### Material provided
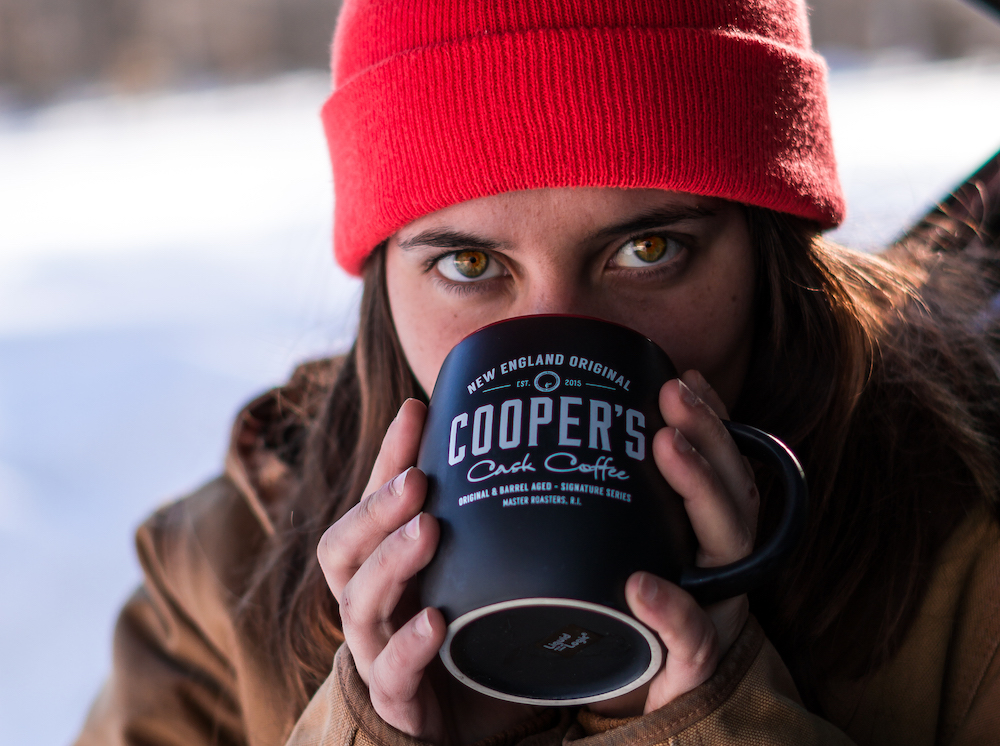 A woman out camping in a coat & hat drinks bourbon coffee from a Cooper's cup to show outdoor coffee brew methods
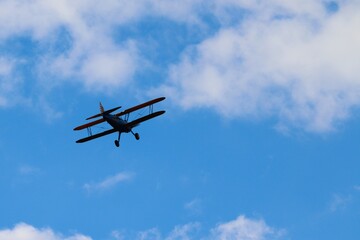 Fototapeta na wymiar alter Doppeldecker fliegt vor blauem Himmel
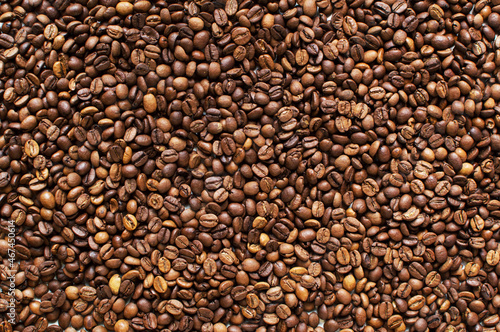 roasted aromatic coffee beans on a dark background. coffee background. flat lay with place for text. view from above. 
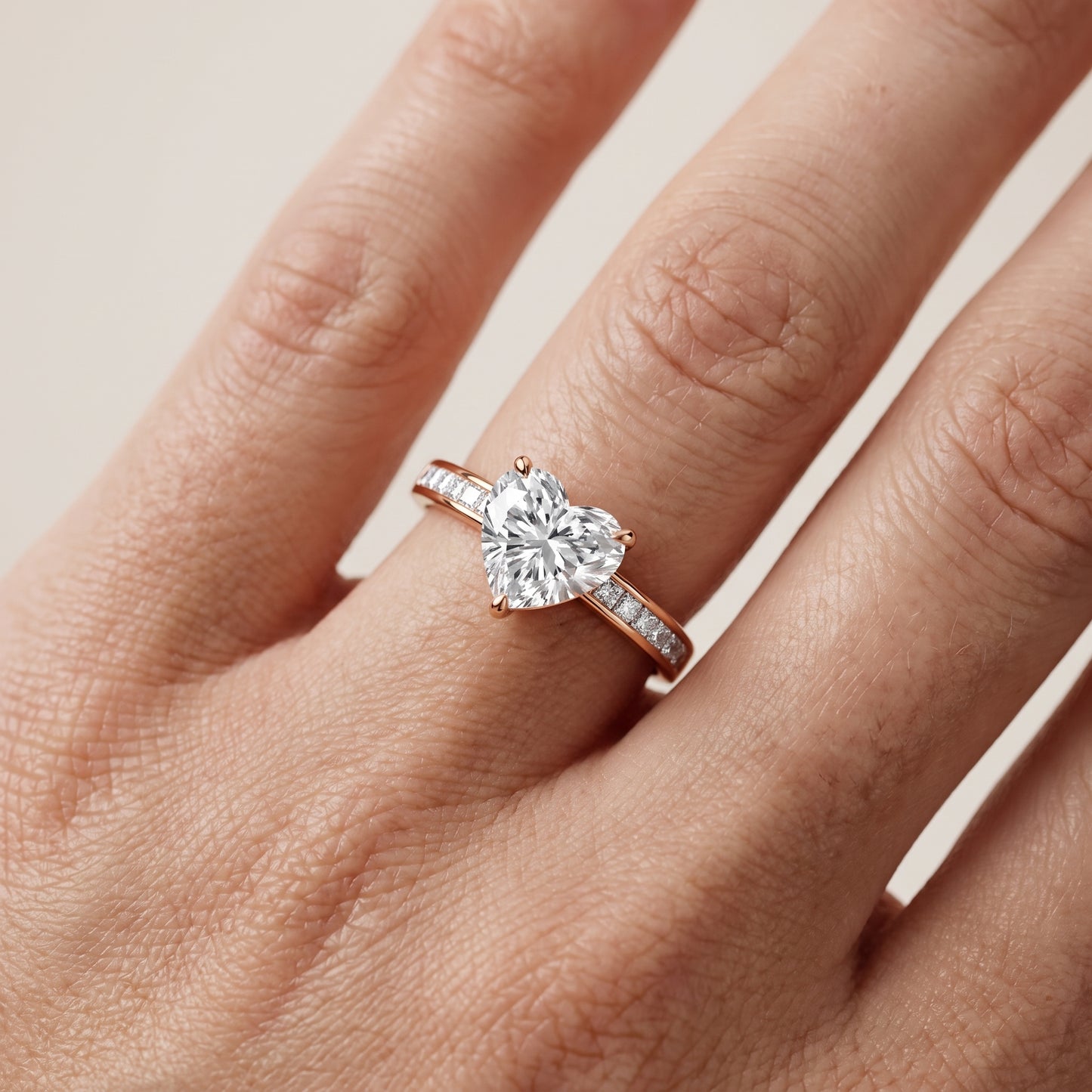 Maren Sidestone Channel Set Heart Diamond Engagement Ring in Rose Gold - lifestyle.jpg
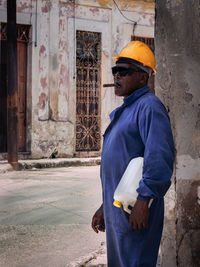 Side view of man standing against built structure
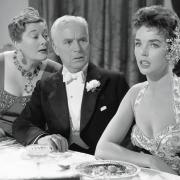 Dawn Addams (foreground right) in A King in New York with a perplexed Charlie Chaplin and Joan Ingram.  Photo: Movie Stills Database/moviestillsdb.com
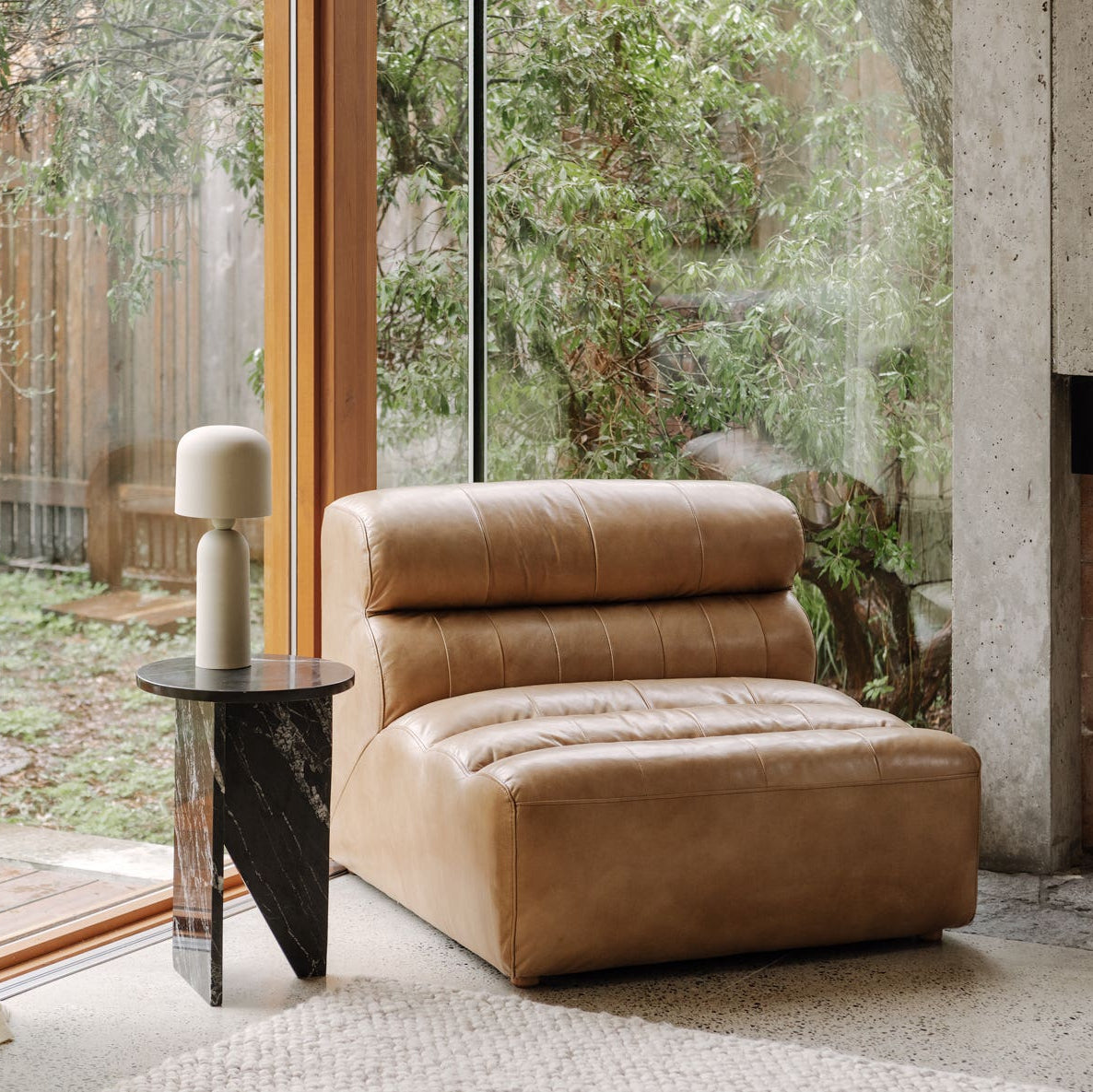 Grasse Accent Table in Black Marble — styled in a living room
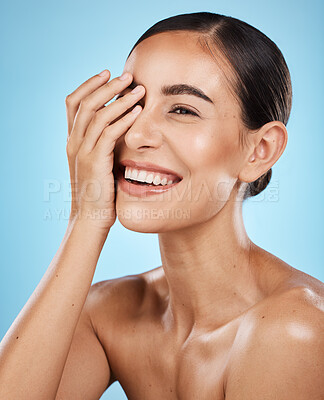 Buy stock photo Skincare, wellness and happy woman in a studio for a cosmetic, health and natural face routine. Self care, happiness and excited female model with a facial skin treatment isolated by blue background.
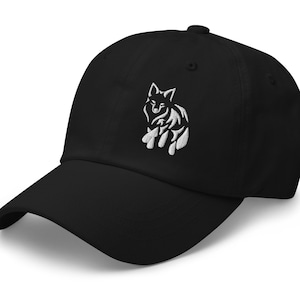 May include: A black baseball cap featuring an embroidered white graphic of a stylized fox on the front panel. The cap has a curved brim, a button on the top, and stitched eyelets for ventilation, presenting a clean and simple design.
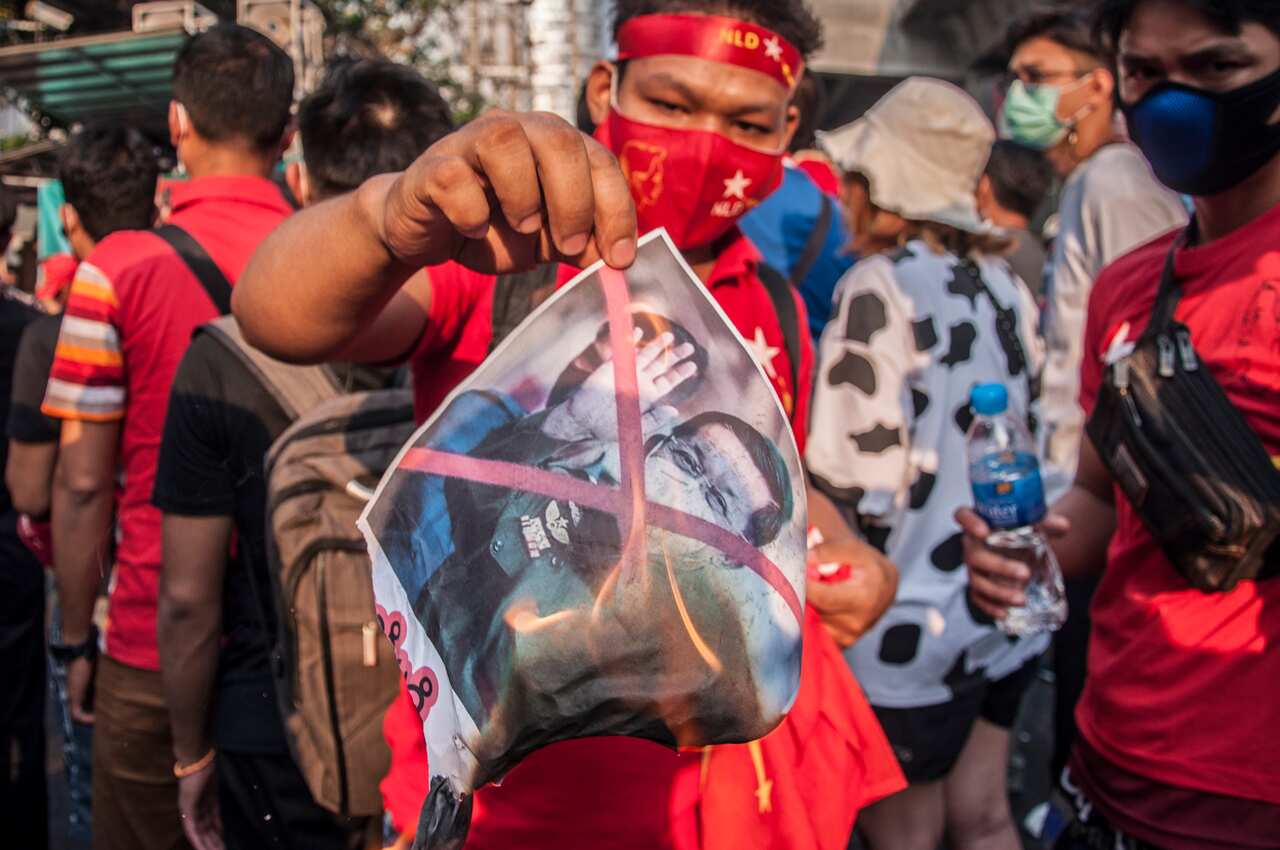 A National League for Democracy (NLD) supporter holds a burning portrait of Myanmar's army chief Min Aung Hlaing during a demonstration in Bangkok on 2 January.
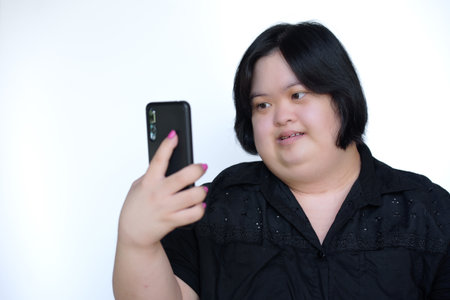 Close-up portrait of a fat Asian woman. with disabilities or children with Down syndrome Playing on the phone and smiling happily on white background. Concept: Down syndrome.の写真素材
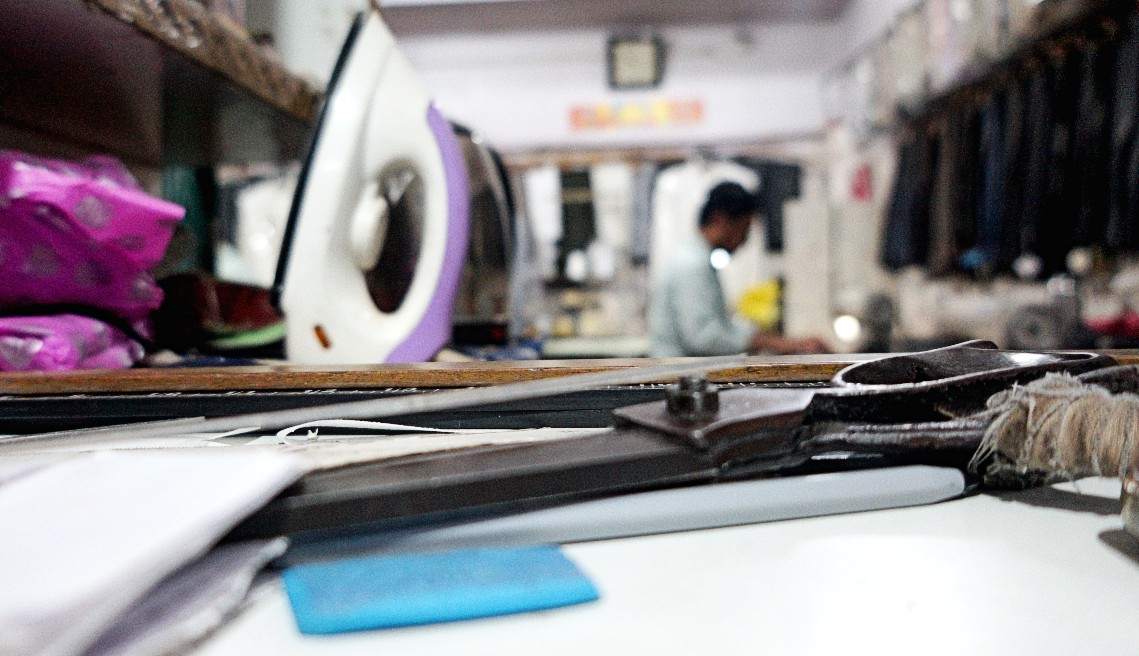 Tailor working on premium stitching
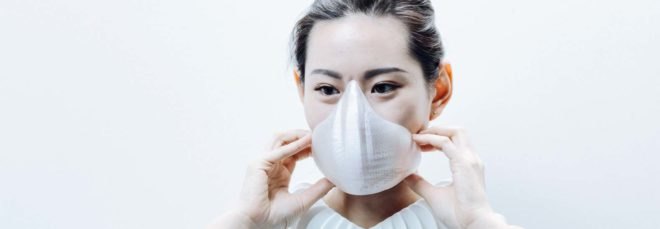 a woman wearing a white face mask and coiled white device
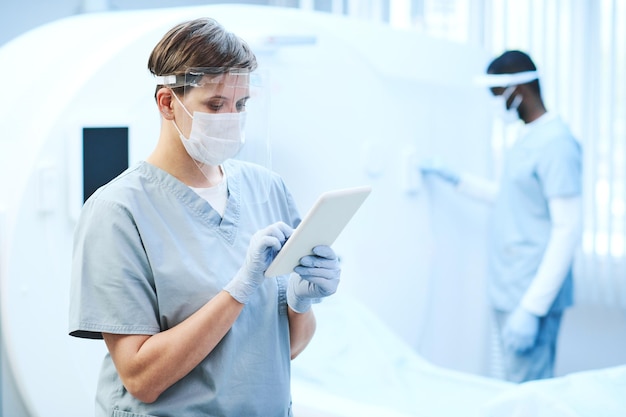 Grave jovem médica em escudo protetor facial usando tablet na sala médica com scanner de ressonância magnética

### Problem to solve
With the pictures left aside, set down each entry above exactly as it stands.

### Task solution
 A woman out camping in a coat & hat drinks bourbon coffee from a Cooper's cup to show outdoor coffee brew methods
 Fototapeta na wymiar alter Doppeldecker fliegt vor blauem Himmel
 roasted aromatic coffee beans on a dark background. coffee background. flat lay with place for text. view from above. 
 Maren Sidestone Channel Set Heart Diamond Engagement Ring in Rose Gold - lifestyle.jpg
 Side view of man standing against built structure
 Dawn Addams (foreground right) in A King in New York with a perplexed Charlie Chaplin and Joan Ingram.  Photo: Movie Stills Database/moviestillsdb.com
 Grasse Accent Table in Black Marble — styled in a living room
 Buy stock photo Skincare, wellness and happy woman in a studio for a cosmetic, health and natural face routine. Self care, happiness and excited female model with a facial skin treatment isolated by blue background.
 May include: A black baseball cap featuring an embroidered white graphic of a stylized fox on the front panel. The cap has a curved brim, a button on the top, and stitched eyelets for ventilation, presenting a clean and simple design.
 A National League for Democracy (NLD) supporter holds a burning portrait of Myanmar's army chief Min Aung Hlaing during a demonstration in Bangkok on 2 January.
 Close-up portrait of a fat Asian woman. with disabilities or children with Down syndrome Playing on the phone and smiling happily on white background. Concept: Down syndrome.の写真素材
 Tailor working on premium stitching
 a woman wearing a white face mask and coiled white device
 Grave jovem médica em escudo protetor facial usando tablet na sala médica com scanner de ressonância magnética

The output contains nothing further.